*Task:* Your answer should be an exact copy of the lines from the one holding "WOVEN (ウーヴン) /" to the end of the material below, pictures left out.

*Exercise data:*
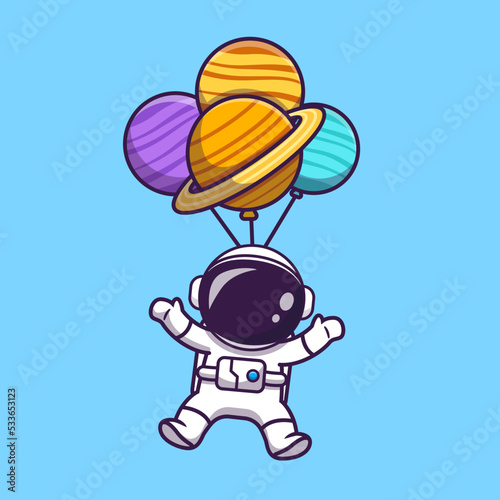 Cute Astronaut Floating With Planet Balloon In Space Cartoon Vector Icon Illustration. Technology Science Icon Concept Isolated Premium Vector. Flat Cartoon Style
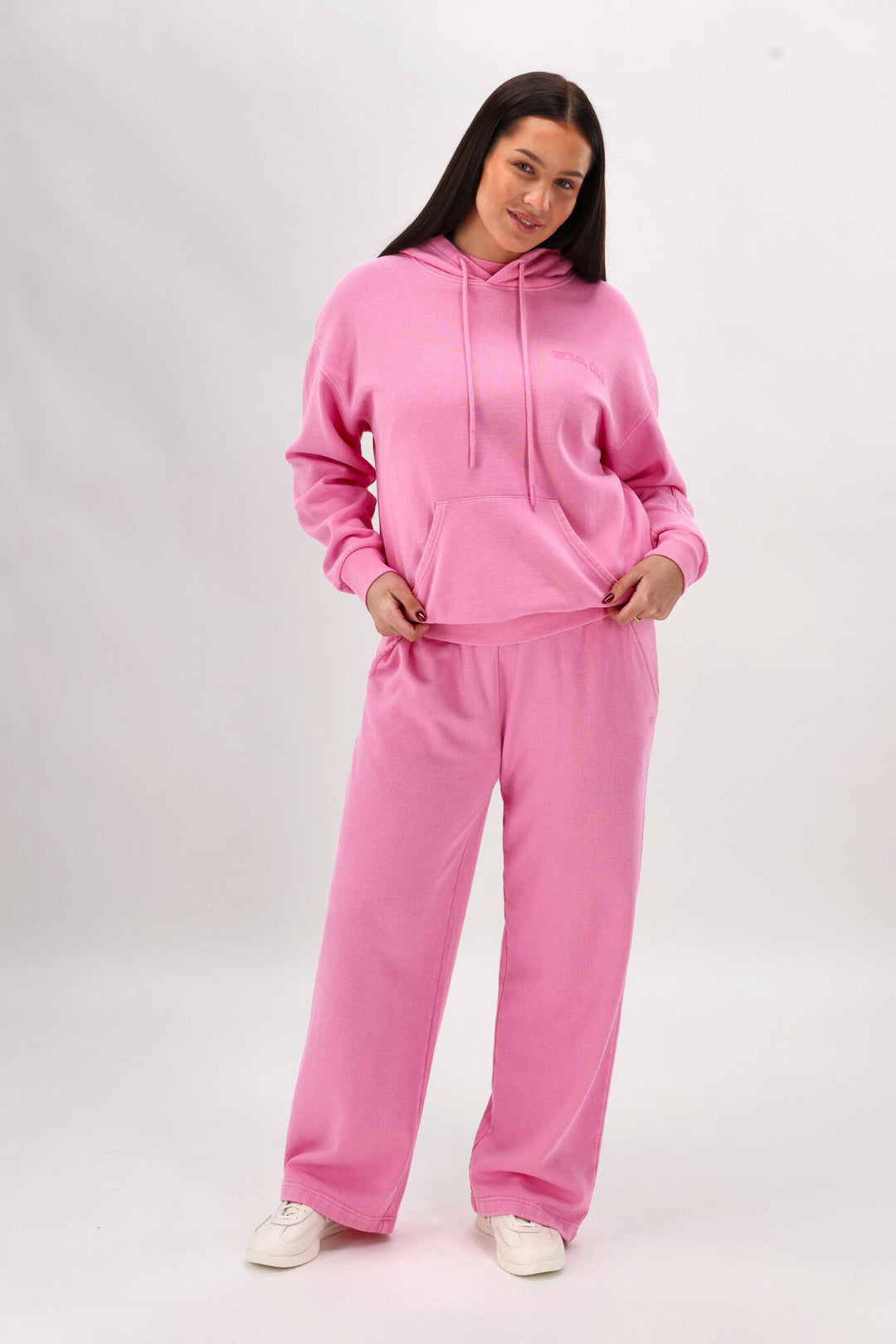 Rebel Club Flock Scribble Heart Hoodie Pink Wash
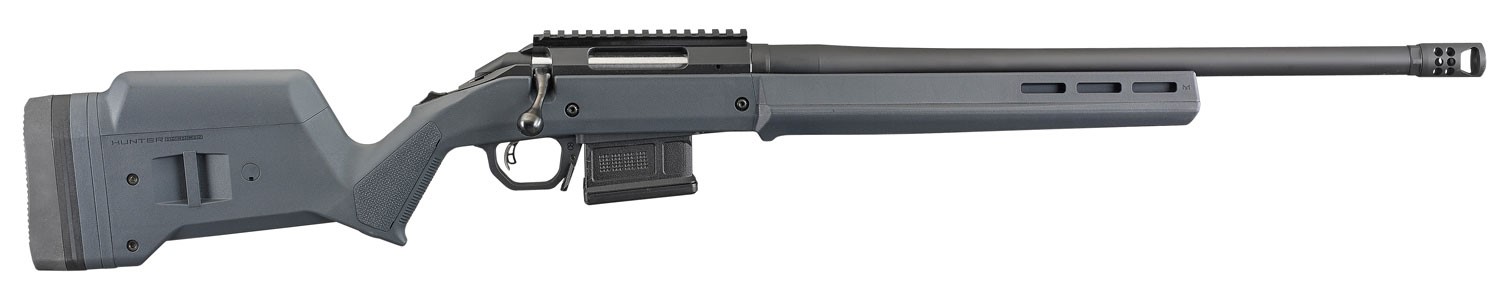 RUGER AMERICAN HUNTER 6.5CREEDMOOR W/HYBRID MUZZLE BREAK, 20" 5RDS, GRAY MAGPUL STOCK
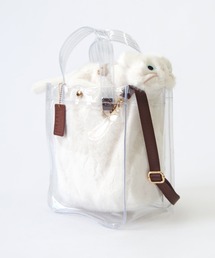 WOVEN (ウーヴン) / クリアトートバッグ CLEAR PVC TOTE × エコファー ねこ 2WAY BAG 猫巾着 ショルダーバッグ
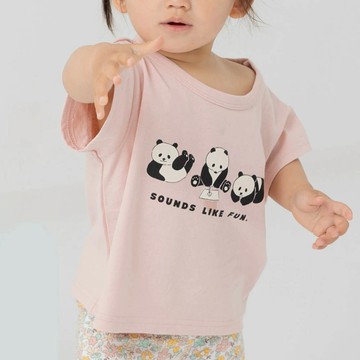 日本 Chil2 - 100%棉 可愛印花短袖上衣-熊貓-粉紅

*Exercise solution:*
 WOVEN (ウーヴン) / クリアトートバッグ CLEAR PVC TOTE × エコファー ねこ 2WAY BAG 猫巾着 ショルダーバッグ
 日本 Chil2 - 100%棉 可愛印花短袖上衣-熊貓-粉紅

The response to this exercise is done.